It's all about perspective, isn't it? Once our hobby becomes a job, then it's just another job.

Hmmm. So should I look forward to being published or not?

Definitely look forward to it...but it won't be anything like you thought it would. The highs are monumental, the lows take you to the depths of hell. No doubt about it, it's a real rollercoaster ride.

I totally understand your problem, Lorraine. I currently have one of those soul-killing jobs and wish on a daily basis that I could find more time to write. And, to make it worse, I'm in the process of buying a house and trying to pack everything (who said I had to buy all these books?) so I can move. But I have a feeling that, if I could afford to quit the day job and write full time, I'd run into the same problems you have.
Your fellow Guppy,
Elise
P.S. Just finished Murder is Binding and loved it!

Hey, Elise, thanks for stopping by.

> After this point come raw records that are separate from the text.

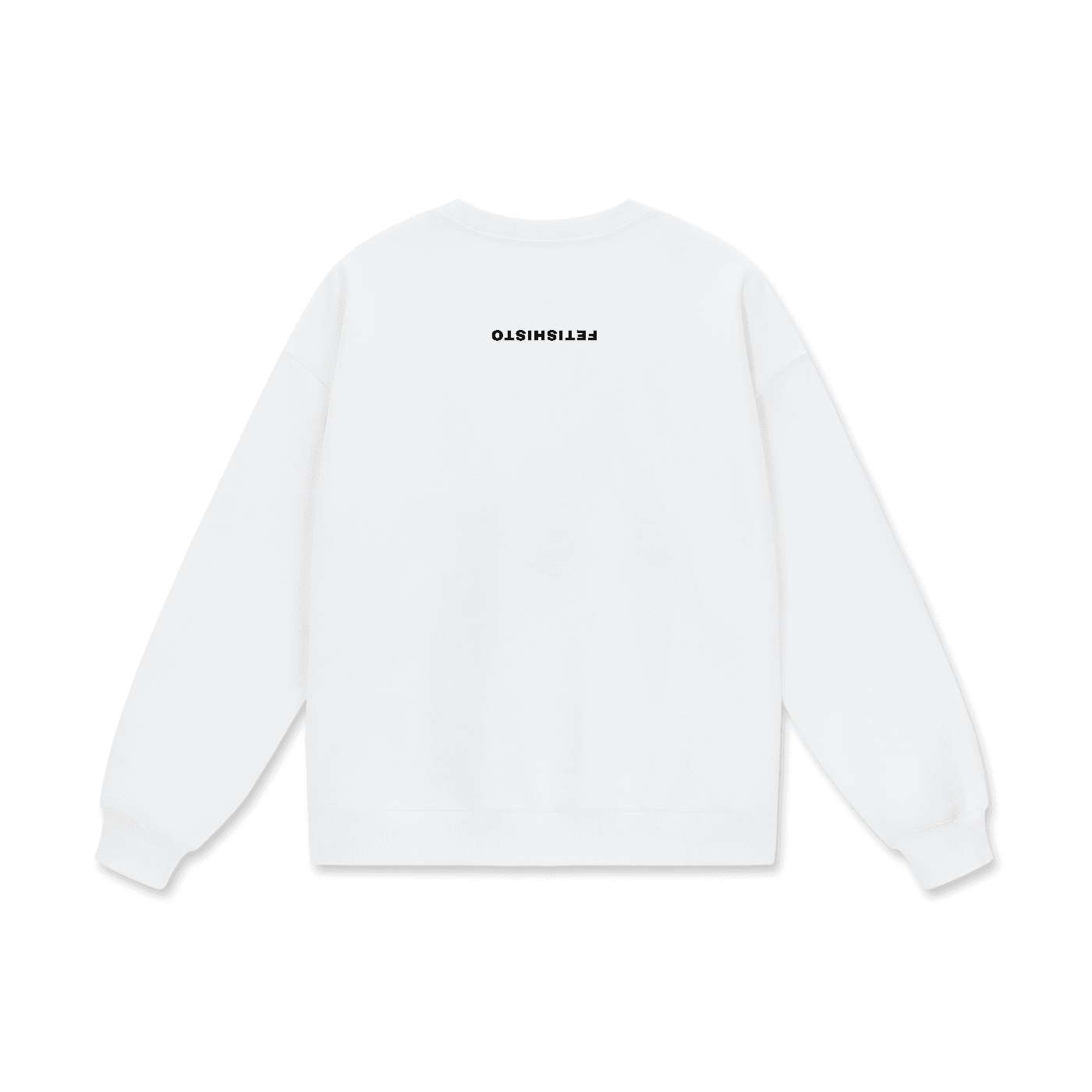 FETISHISTO white fetish sweatshirt heavyweight with black logo text on the back near the neckline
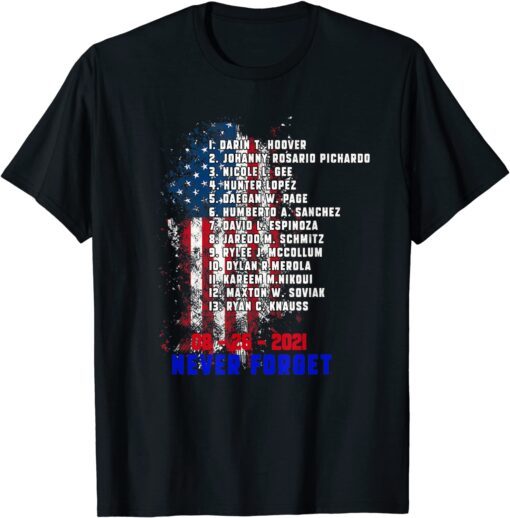 13 fallen soldiers names , Never Forget Of Fallen Soldiers Tee Shirt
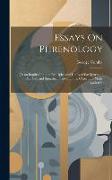 Essays On Phrenology: Or an Inquiry Into the Principles and Utility of the System of Drs. Gall and Spurzheim, and Into the Objections Made A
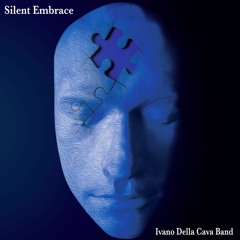 Silent Embrace - Ivano Della Cava Band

I didn't quit the day job--got handed a pink slip (which wasn't a surprise). I absolutely love being home during the day and am grateful we no longer need my paycheck. (We've downsized our living and are still comfortable.) But sometimes writing as a job isn't as glamorous as it looks when you're still working that day job.

When we moved 15 years ago, the movers were snarling at us as our million boxes of books came off the truck. If we moved today, we'd have something lik 9 millions books. We're readers, and proud of it. But man, paper is HEAVY!